| .. | ||
| README.md | ||
Extended Kalman Filter for IMU sensor with 13 calculated states
The extended Kalman filter (EKF) with 13 states designed to be used with data from common IMU sensor, like MPU9250 or MPU6050. These sensors provide gyroscope, accelerometer and magnetometer data. The sensors have measurement errors, and it's not possible to use them for calculation system attitude. For that the EKF should be used. Current implementation of EKF calculates 13 value to define the system state: 1. System attitude [0..3]: quaternion that describes absolute value of system attitude (w, x,y,z) 2. Gyroscope sensor errors[4..6]: bias values (x,y,z) 3. Magnetometer vector value[7..9]: absolute value of magnetometer sensor (x,y,z) 4. Magnetometer vector offset[10..12]: absolute value of magnetometer sensor offset (x,y,z) These values calculated by the EKF and stored to the X vector. Magnetometer value from the sensor has some value and offset. This information needed to calculate system attitude. Magnetometer sensor value = R*Magn_Amplitude + Magn_offset. Where R - rotation matrix from system attitude, Magn_Amplitude - real magnetometer value calculated by the EKF Magn_offset - magnetometer offset value (called deviation)
How to use EKF
The EKF has two main methods: state calculation (Process(...)) and state correction (UpdateRefMeasurement() in our case). The current EKF has one main input value - is a gyroscope (gyro) angular speed. If the gyro has no bias error, then it's enough to call Process(...) method, and EKF will calculate system attitude. But, the gyro has a bias error and that's why, the UpdateRefMeasurement(...) must be called, when reference accelerometer and magnetometer values are available. After the firs start, the EKF will need some time to calculate correct gyro bias and magnetometer deviation. This is a calibration phase. To avoid this phase every time after filter started, it's better to store X vector and P matrix to the non-volatile memory, and restore them after system started.

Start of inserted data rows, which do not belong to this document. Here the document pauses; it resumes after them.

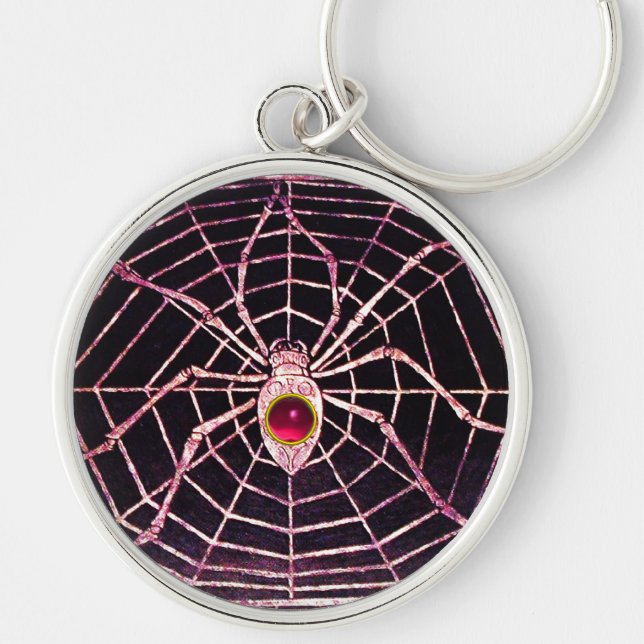 Chaveiro SPIDER E WEB Pink Fuchsia Ruby Black (Frente)
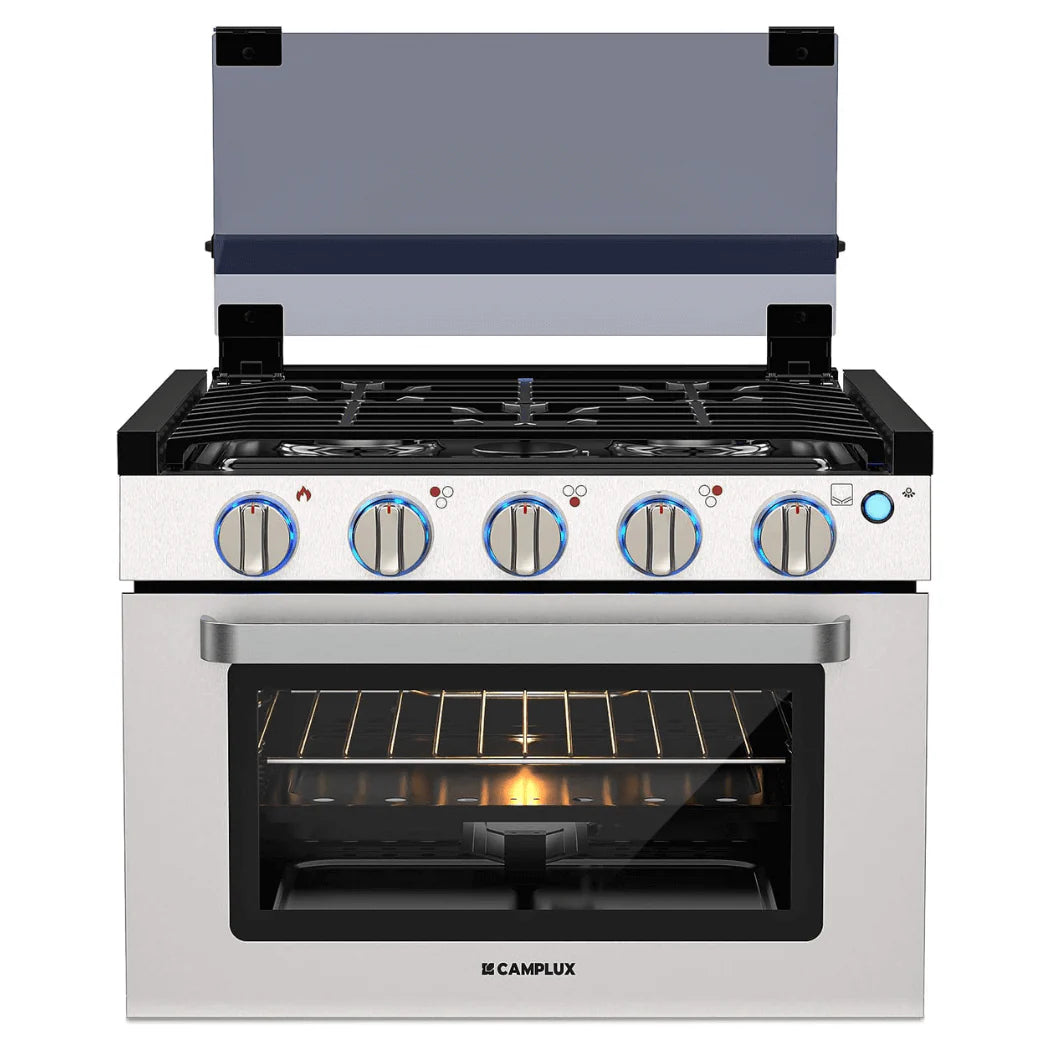 Camplux RV Stove Gas Range Oven w/ 3 Burners Cooktop 17 Inches 1.6-cu ft Slide-In Liquid Propane Classic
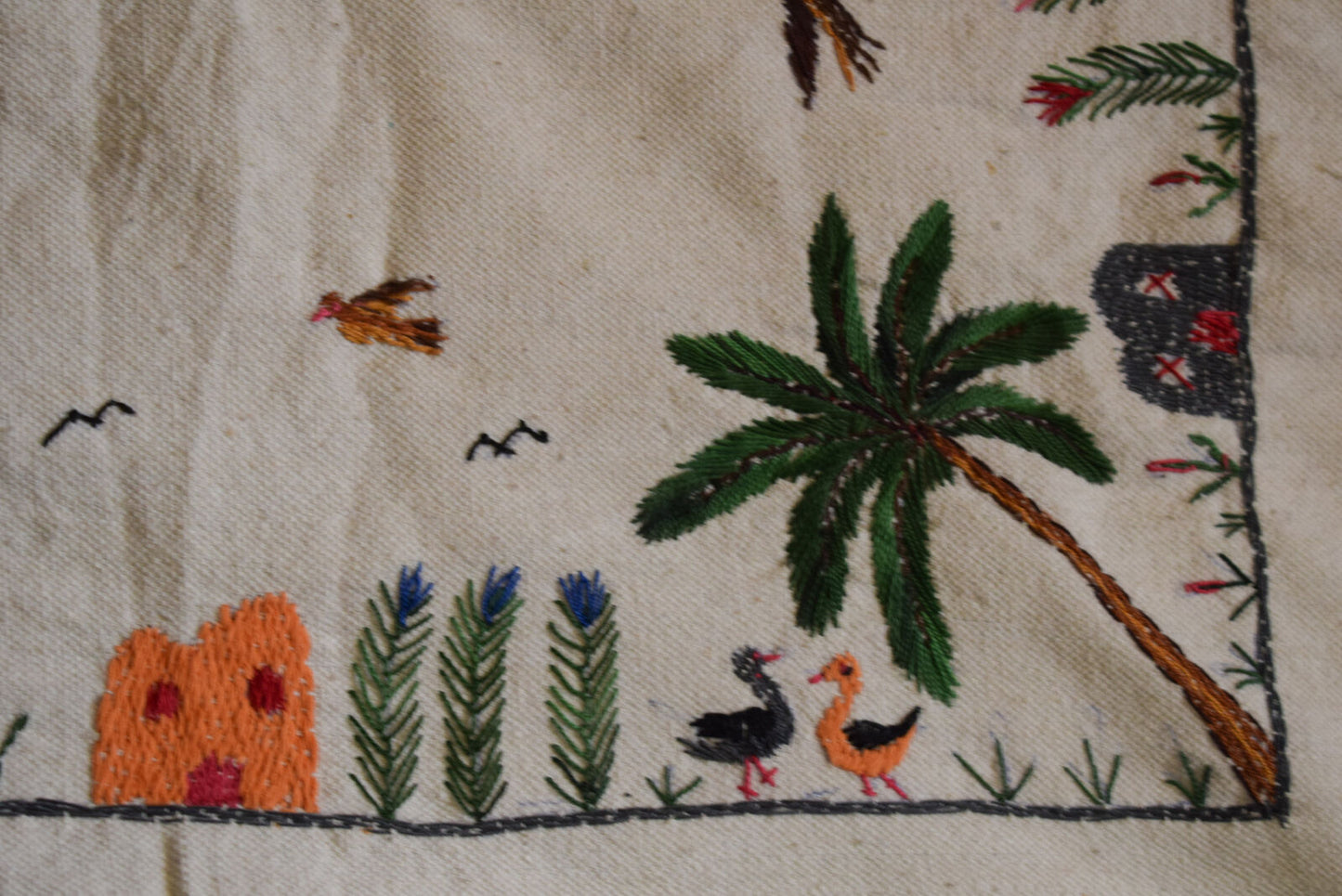 Hand embroidered Egyptian Tablecloth Falalhi Village Bedouin scenes 88"X54"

The sequence in this case will be: Init()-> restore X and P values (if exist) -> go to normal process
Adjustable parameters
There two lists of parameters that could be adjusted: R - measurement noise covariance values, and Q - model noise matrix. The R is an array with values for diagonal matrix. Then smaller value R for reference value, then more EKF will trust for this value. In normal case, the R values should be between 0.001 and 1. The Q - is a diagonal (only values in main diagonal are important) noise matrix of state vector. This matrix define how good value in state vector X should be.